Your goal: Leave the pictures out and return every line below exactly.

Data provided:
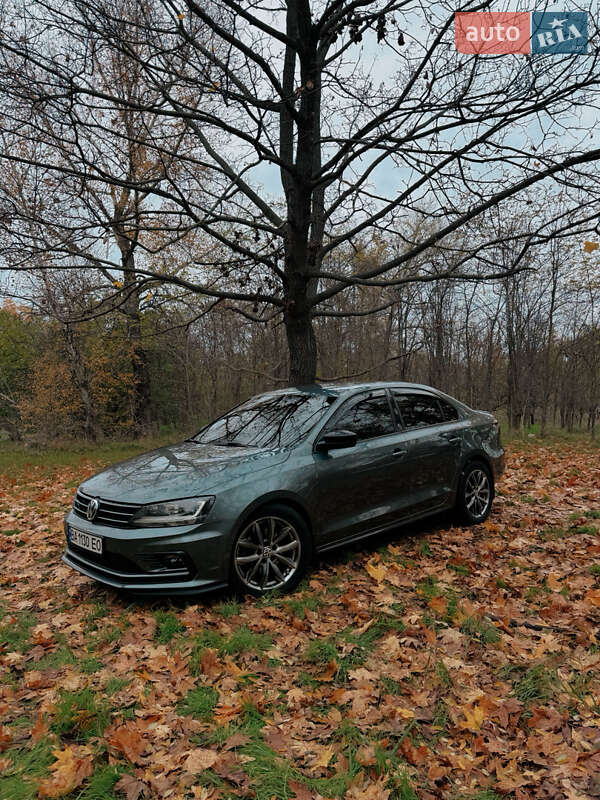 Седан Volkswagen Jetta 2017 в Кременчуге фото 3 Седан Volkswagen Jetta 2017 в Кременчуге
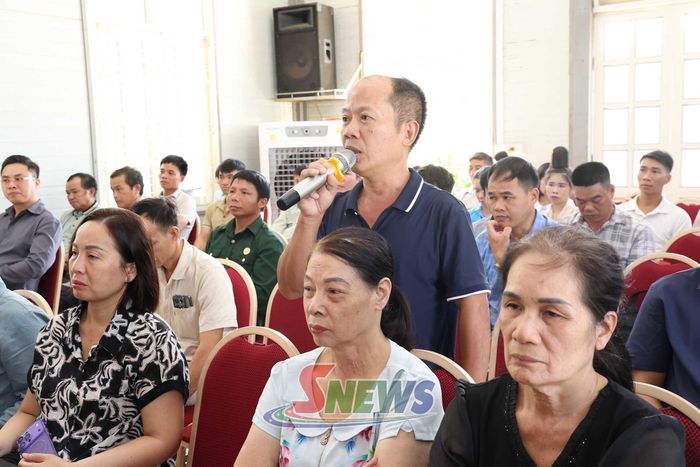 Cử tri tổ 2, phường Chiềng Sinh kiến nghị tại hội nghị.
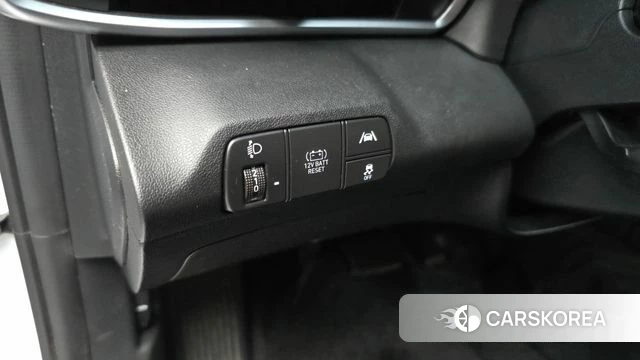 Hyundai Avante Hybrid (CN7) id 4561160 из Кореи 21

Result of this exercise:
 Седан Volkswagen Jetta 2017 в Кременчуге фото 3 Седан Volkswagen Jetta 2017 в Кременчуге
 Cử tri tổ 2, phường Chiềng Sinh kiến nghị tại hội nghị.
 Hyundai Avante Hybrid (CN7) id 4561160 из Кореи 21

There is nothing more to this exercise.